René,
I wonder what looked or sounded so creepy and disturbing at my favorite eatery in Racine (the other being Wells Brothers, where I should say I did not visit for several years)?
Was it the sight of that strange-looking Kewpee doll all over the place and printed on the burger wrapper?
I have to admit that the first time my very young grandson went there for lunch he got scared by the doll...
And I have also to say that that line on your check mentioning waste meat is a bit cryptic and disturbing.
But I can assure you that their beef is ground fresh every day... No recycled waste meat would arrive, even by mistake, on your plate. No Sir.

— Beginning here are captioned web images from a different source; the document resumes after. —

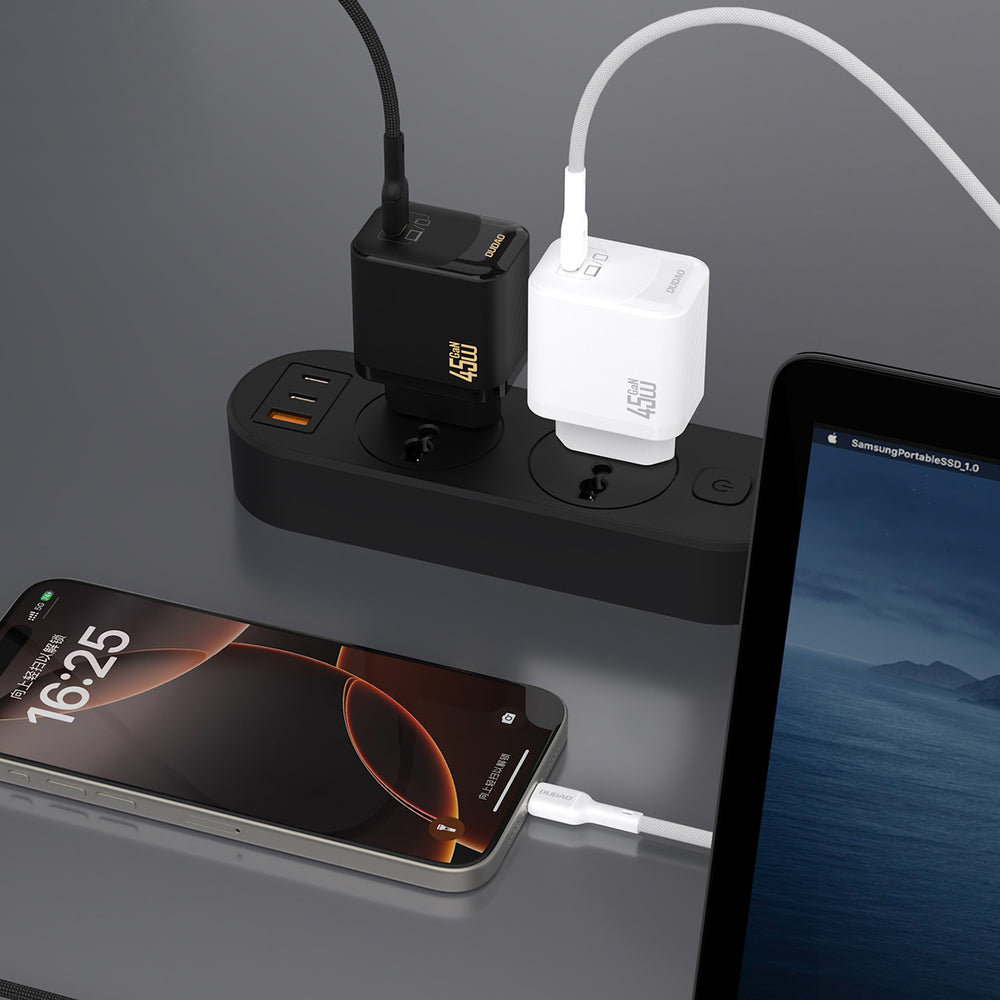 Dudao A28C 45W GaN Wall Charger + USB-C Cable - sort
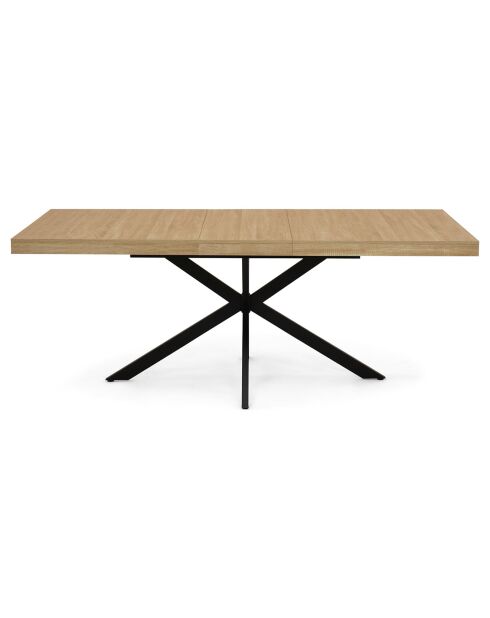 Table repas extensible Memphis plateau avec rangement bois/noir - 160-200x90x75.5 cm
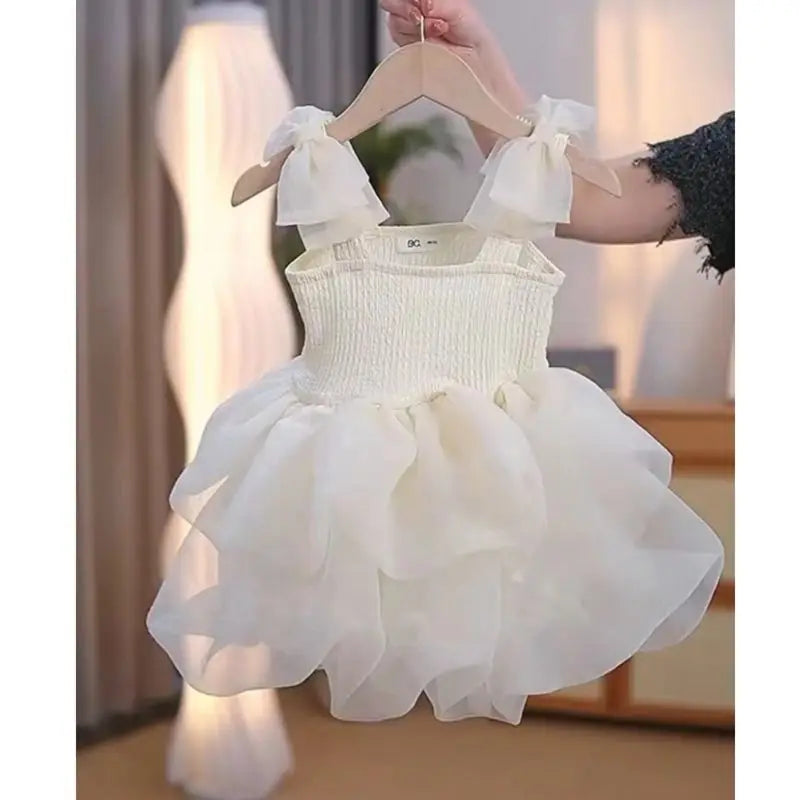 Girls’ Summer Fluffy Sling Princess Dress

My wife being born and raised there, Racine was the first American city I discovered when I flew there for the first time (via Milwaukee and NY airports) from Paris in 1968. And 2 double hamburgers ''with everything'' and a large order of those always perfect curly fries, was in fact my first meal out in the U.S. And it was also my first experience ever eating at a lunch counter. I loved that first all-American meal and I have returned hundreds of times to the Kewpee.
The last time was in December 2009 when my wife and I had one of those sudden craving for a Kewpee, a walk along the lake which looks so different than in Chicago, and an urgent need to see one of those so original special expositions that the marvelous local Art Museum downtown Racine organizes regularly.
The eerie lack of traffic and the quasi absence of shoppers downtown was the only creepy phenomenon that we could observe.
The Kewpee burgers, their buns, and the fries,even the ketchup, were as good as ever, and, according to my wife who likes that strange beverage, the root beer was as flavorful as in the fifties. The old local regulars at the counter were their usual folksy cheerful, and the smiling young waitresses as efficient as always.